Counterarguments to Historical Optimism
Jim Rutt notes that AI is “moving way faster” than previous technologies, potentially in the “very steep part of the curve,” with implications that could be “staggering” [01:25:03]. The low cost of AI development (a small model for $1,000, full model for a few million dollars, decreasing by Moore’s Law) and escaping confinement of models are significant concerns [01:26:41]. The fundamental technology “isn’t hard at all” and is publicly available [01:27:13].
Solutions and Adaptations
- Cognitive Synergy: Ben Goertzel’s concept of combining deep learning, genetic algorithms, symbolic AI, and other tools through a “hypergraph-based probabilistic logic language” could address current AI limitations like arithmetic [01:35:36].
- Parsimonious Science: Using deep neural networks as “pre-processors for parsimonious science” by sparsifying their complex encodings and then applying symbolic regression to derive simple formulas or “equations of motion” could be a “new way of doing science” [02:52:00] [03:06:00].

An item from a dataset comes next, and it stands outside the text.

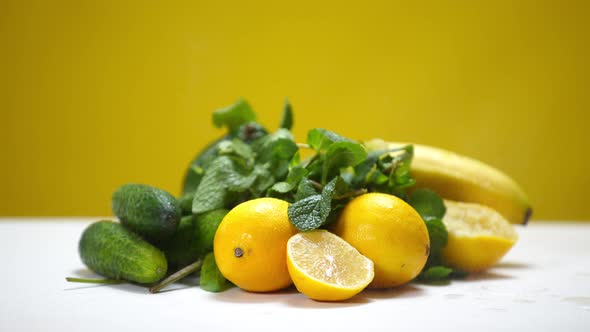 Water Droplets Falling in Slow Motion on Healthful Fruits and Vegetables at Yellow Background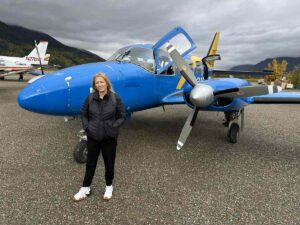 Traveller standing in front of a small blue twin-propeller plane used for Arctic Circle flight tours.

- The “Crackauer Solution” / Info Agents: A “natural evolutionary reaction” to the “flood of sludge” could be the development of “info agents” – AI-powered tools that surround users to filter and curate electronic information. These agents could summarize content, rate relevance, and even build “constructive networks of mutual curation” [01:28:48]. This is seen as “God’s own spam filter for everything electronic” [01:31:31].
- Ignoring Technology: A “Paleolithic alternative” is to counter technology by “ignoring it” and radically simplifying life decisions, such as avoiding social media platforms altogether [01:32:50].
- Human Adaptation: Humans have a “track record for dealing with all kinds of dangerous stuff,” from fire to language, by incrementally learning how to control and adapt to them [01:33:36]. This suggests that society might bifurcate, with some adapting through hygiene and constraint, while others remain vulnerable to “attention hijacking” [01:34:04].